### Records to use:
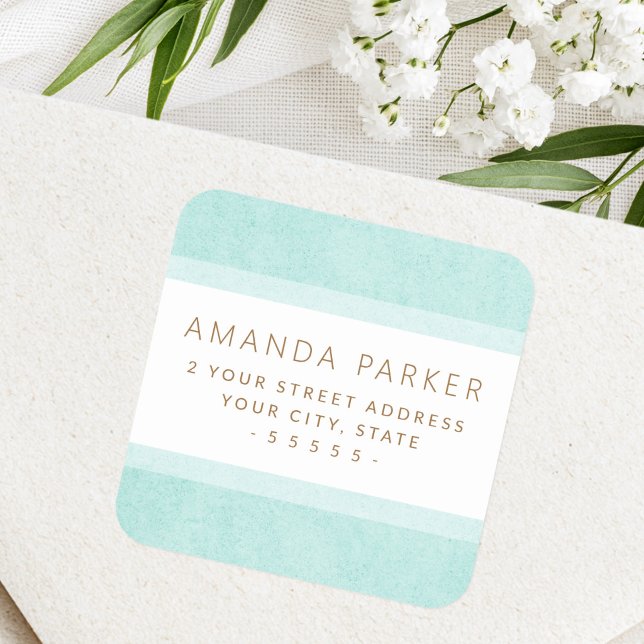Light aqua blue borders return address labels (Light aqua blue borders return address labels)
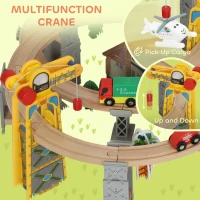 AIYAPLAY Wooden Train Set, 100 Pieces, Magnetic Crane, Beech Wood, Colorful(m-5)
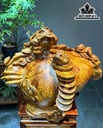 Tượng Song Cóc Trấn Chum Tiền Gỗ Nu Hương Cao 41 Ngang 52 Sâu 43 (cm)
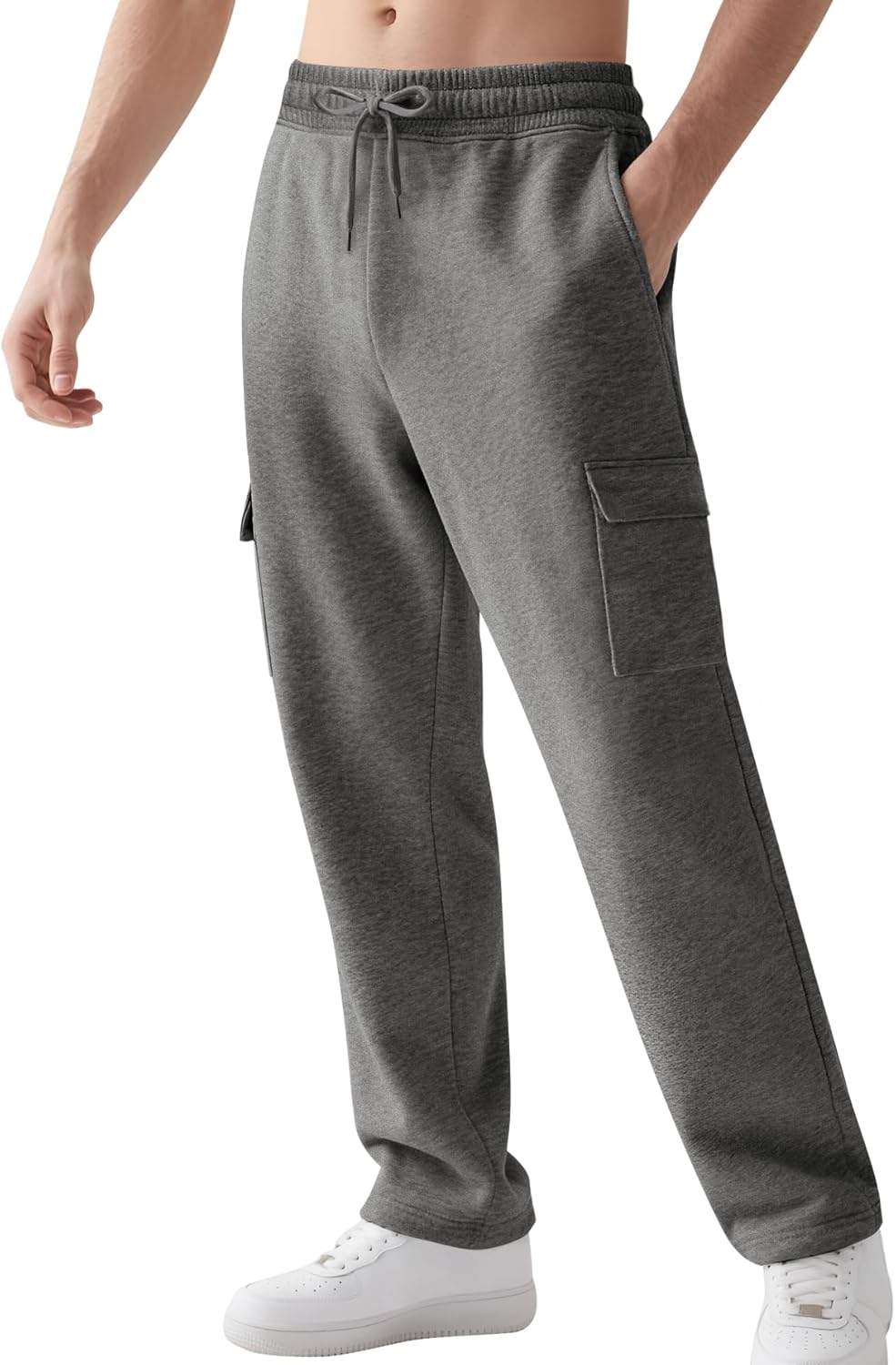 Gihuo Cargo Sweatpants for Men Athletic Baggy Fleece Pants Open Bottom Wide Leg Drawstring Joggers with Pockets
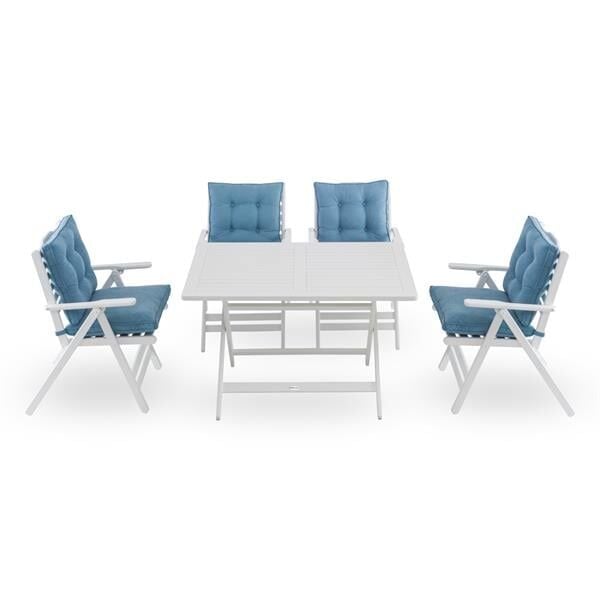 Beyaz Madrid Set 005 Masa Sandalye Seti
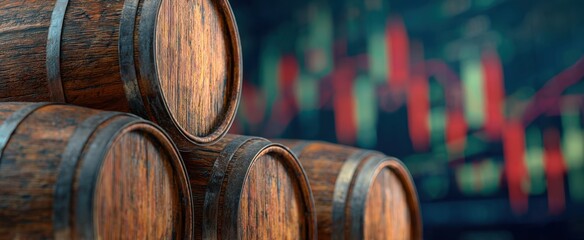 The wooden barrels stacked against a colorful financial graph background.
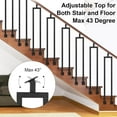 thumbnail image 4 of 4 Pack U Shape 38.6" Stair Balusters with Adjustable Top Bracket for Staircase Interior, Side Mount Industrial Iron Balusters for Stair Handrail Porch Deck Railing Outdoor Steps, 4 of 6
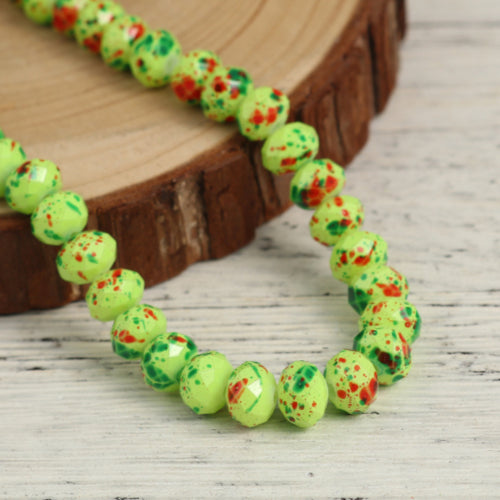 Glass Beads, Opaque, Mottled, Light Green, Faceted, Rondelle, 8mm - BEADED CREATIONS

### Problem statement:
Reproduce the listing above from the line that contains "thumbnail image 4" through its final line, exactly and with nothing added. Omit the images.

### Solution for this problem:
 thumbnail image 4 of 4 Pack U Shape 38.6" Stair Balusters with Adjustable Top Bracket for Staircase Interior, Side Mount Industrial Iron Balusters for Stair Handrail Porch Deck Railing Outdoor Steps, 4 of 6
 Glass Beads, Opaque, Mottled, Light Green, Faceted, Rondelle, 8mm - BEADED CREATIONS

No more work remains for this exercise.